Director: Robert Rodriguez and Frank Miller (2005)
Starring: Bruce Willis, Jessica Alba, Mickey Rourke
Find it: IMDB
One of the original 'good' comic book movies, coming from a time when most adaptations were Catwoman, Daredevil and Sam Raimi Spider-Men, created when Frank Miller was still a respectable name in comics and before Robert Rodriguez became a parody of himself. With its sequel finally inbound, what better time to pay a return visit to Sin City?
As before, Bruce Willis and Mickey Rourke's stories remain the best, while Clive Owen handles the filler in the middle just fine. It's the sort of movie in which every single man wears a leather trenchcoat, speaks like they've been gargling broken glass and talks... well, just like a Frank Miller character. The women, meanwhile, are either prostitutes, strippers or women of other professions who just so happen to act exactly like prostitutes and strippers. With Clive Owen referring to Rosario Dawson as a 'Valkyrie', hookers dressed like Zorro and half the cast wearing Converse, it's like a fifteen-year old's approximation of 'cool', filtered through Miller, Rodriguez and Quentin Tarantino. Not that there's anything wrong with that.
An exercise in reproducing a comic book as faithfully and literally as possible, Sin City is a resounding success. It's aged surprisingly well, and if The Spirit hadn't so completely stunk, I wouldn't have been surprised to see a whole slew of imitators follow it. Willis and Rourke are fantastic as the honest cop and the honorable thug, respectively, while Owen isn't bad as Dwight (to be played by the altogether better Josh Brolin in the sequel), with a whole host of great performances filling out the ranks.
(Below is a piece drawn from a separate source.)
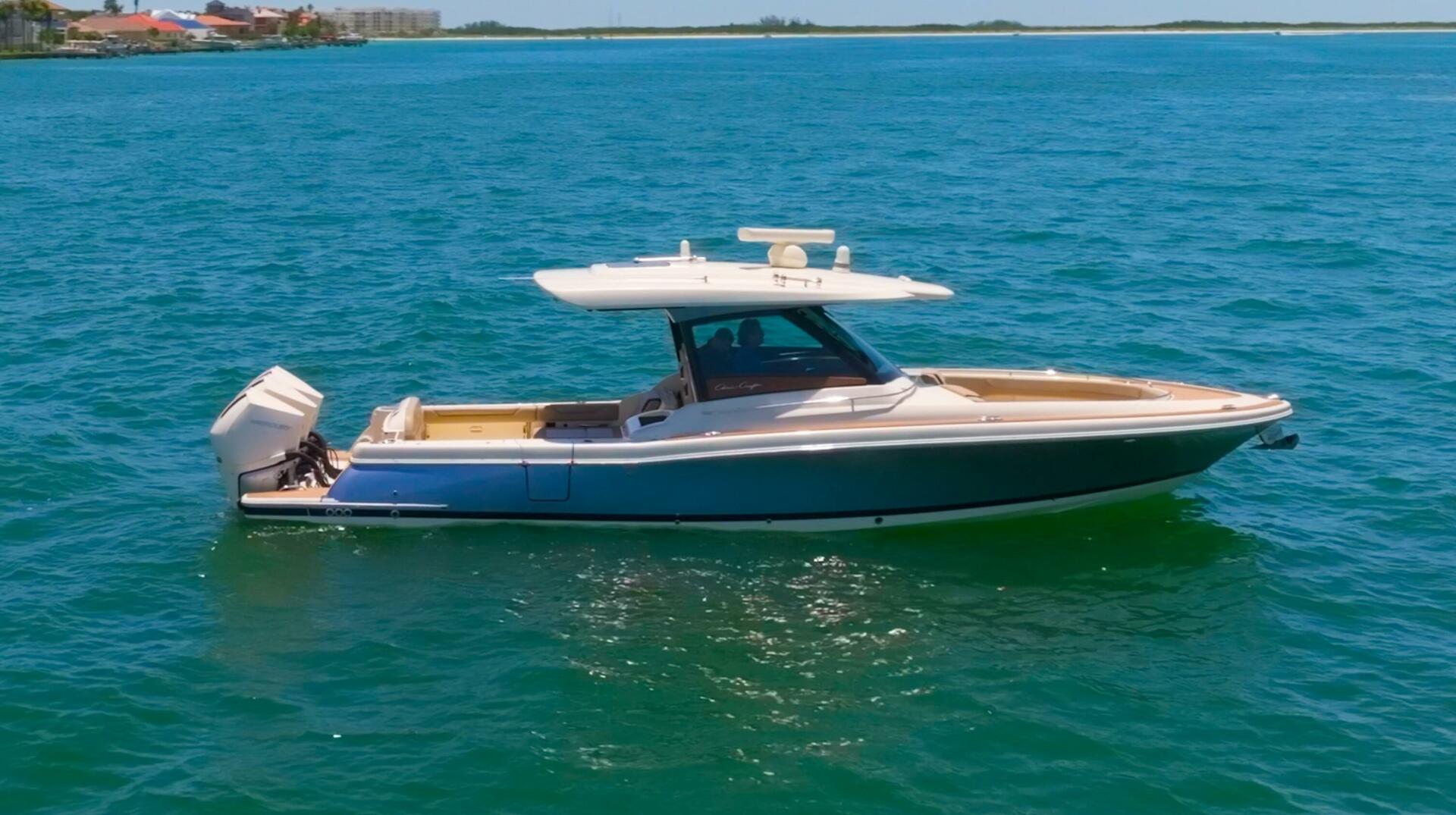 Slide: The Image of Chris-Craft 35 Calypso 2022 - 5476228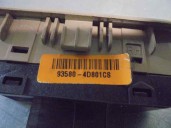 Replacement rear right window regulator switch for Kia Carnival 2.9 CRDi CAT OEM IAM reference 935804D801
Nick Stahl and Elijah Wood are the best of the bunch, although there's something for everyone, from Rosario Dawson to Jessica Alba, Michael Madsen and Benicio Del Toro, to name a few.
Sin City is unashamedly daft, full of men jumping off rooftops like Batman and explosions which merely blow people over rather than, you know, up. Taken seriously, it's quite terrible and probably a little offensive. Viewed in the spirit (pun unintended - that's not an encouragement to watch Frank Miller's awful movie), it's a gleeful embodiment of Frank Miller's work at its gritty, pulped best.